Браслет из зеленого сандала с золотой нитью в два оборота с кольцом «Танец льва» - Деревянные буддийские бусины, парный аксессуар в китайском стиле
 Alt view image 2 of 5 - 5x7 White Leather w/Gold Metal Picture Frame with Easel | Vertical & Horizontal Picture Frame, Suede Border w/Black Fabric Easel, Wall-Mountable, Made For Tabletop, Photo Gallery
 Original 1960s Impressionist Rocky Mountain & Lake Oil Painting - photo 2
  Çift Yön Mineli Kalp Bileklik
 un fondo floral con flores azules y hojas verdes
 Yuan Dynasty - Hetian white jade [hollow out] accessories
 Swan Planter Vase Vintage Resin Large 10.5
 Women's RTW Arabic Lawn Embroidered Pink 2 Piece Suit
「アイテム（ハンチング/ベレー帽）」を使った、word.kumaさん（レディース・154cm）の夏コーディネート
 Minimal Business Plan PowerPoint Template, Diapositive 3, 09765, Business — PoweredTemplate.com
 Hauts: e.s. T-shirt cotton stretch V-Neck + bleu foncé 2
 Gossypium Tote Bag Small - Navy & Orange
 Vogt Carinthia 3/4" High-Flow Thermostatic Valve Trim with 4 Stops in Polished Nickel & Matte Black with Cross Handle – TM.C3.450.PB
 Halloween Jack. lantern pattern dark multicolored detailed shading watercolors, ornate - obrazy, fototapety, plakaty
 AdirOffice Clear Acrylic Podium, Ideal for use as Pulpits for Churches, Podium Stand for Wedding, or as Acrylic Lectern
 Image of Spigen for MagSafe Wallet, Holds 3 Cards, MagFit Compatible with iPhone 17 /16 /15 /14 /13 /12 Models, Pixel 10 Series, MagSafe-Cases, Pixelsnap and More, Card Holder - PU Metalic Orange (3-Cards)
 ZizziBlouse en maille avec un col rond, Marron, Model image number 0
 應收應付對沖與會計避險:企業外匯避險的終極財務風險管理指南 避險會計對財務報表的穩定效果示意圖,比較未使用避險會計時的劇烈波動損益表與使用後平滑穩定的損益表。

:: To do ::
Exactly as they stand, please print the lines from the first line of the records above down to the line that includes "Women's RTW Arabic", both of those included and no others.

:: Response to the exercise ::
Браслет из зеленого сандала с золотой нитью в два оборота с кольцом «Танец льва» - Деревянные буддийские бусины, парный аксессуар в китайском стиле
 Alt view image 2 of 5 - 5x7 White Leather w/Gold Metal Picture Frame with Easel | Vertical & Horizontal Picture Frame, Suede Border w/Black Fabric Easel, Wall-Mountable, Made For Tabletop, Photo Gallery
 Original 1960s Impressionist Rocky Mountain & Lake Oil Painting - photo 2
  Çift Yön Mineli Kalp Bileklik
 un fondo floral con flores azules y hojas verdes
 Yuan Dynasty - Hetian white jade [hollow out] accessories
 Swan Planter Vase Vintage Resin Large 10.5
 Women's RTW Arabic Lawn Embroidered Pink 2 Piece Suit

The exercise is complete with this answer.